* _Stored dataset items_

'''

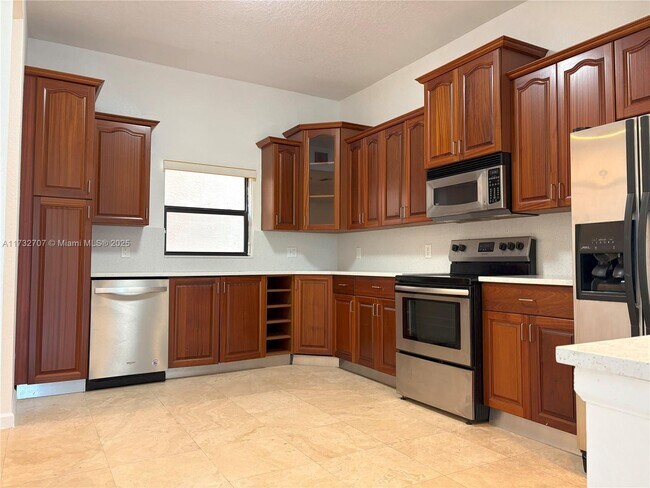 Building Photo - 1610 Presidential Way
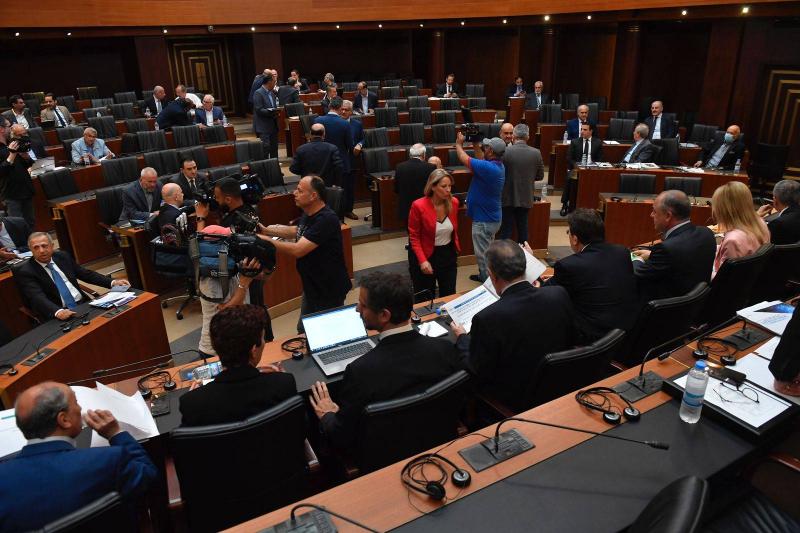 مشادّة كلامية في جلسة اللجان... بوصعب: اختلاف في وجهات النظر حول رواتب الموظفين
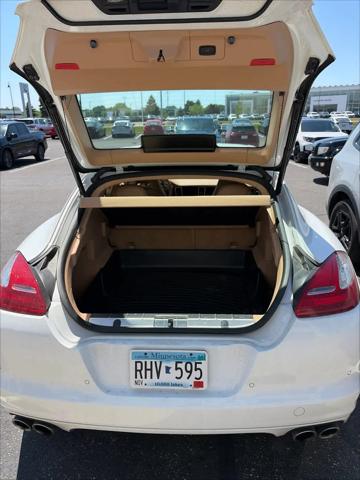 2013 Porsche Panamera 4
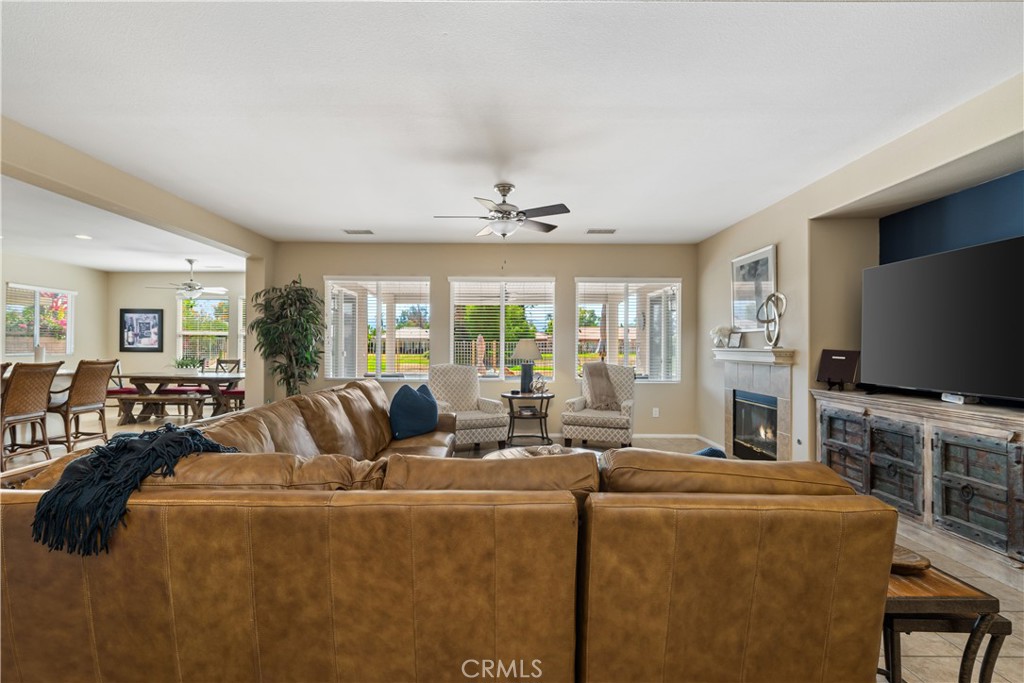 MLS #OC25181692 image #2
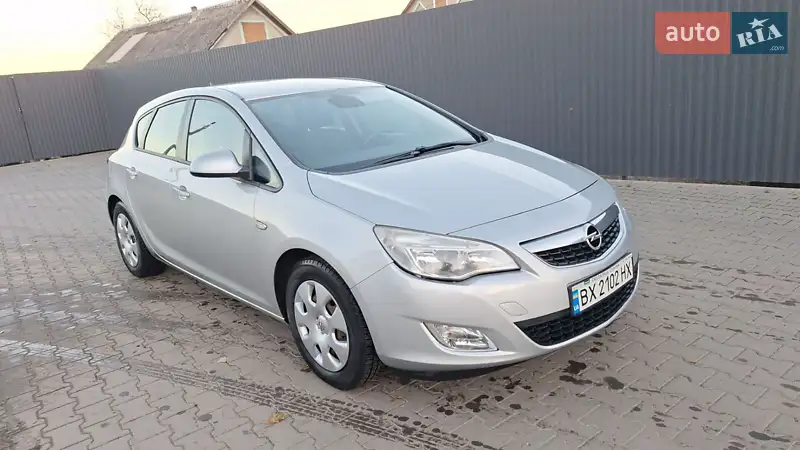 2011 opel astra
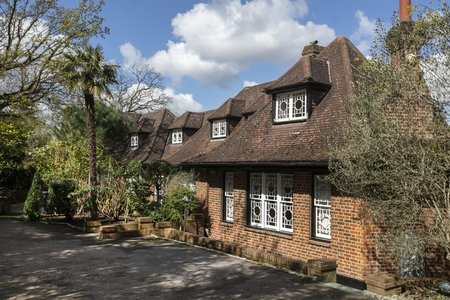 Oaks Avenue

'''

* _Prompt_
Each entry above should be returned exactly as written, minus its pictures.

* _Output_
 Building Photo - 1610 Presidential Way
 مشادّة كلامية في جلسة اللجان... بوصعب: اختلاف في وجهات النظر حول رواتب الموظفين
 2013 Porsche Panamera 4
 MLS #OC25181692 image #2
 2011 opel astra
 Oaks Avenue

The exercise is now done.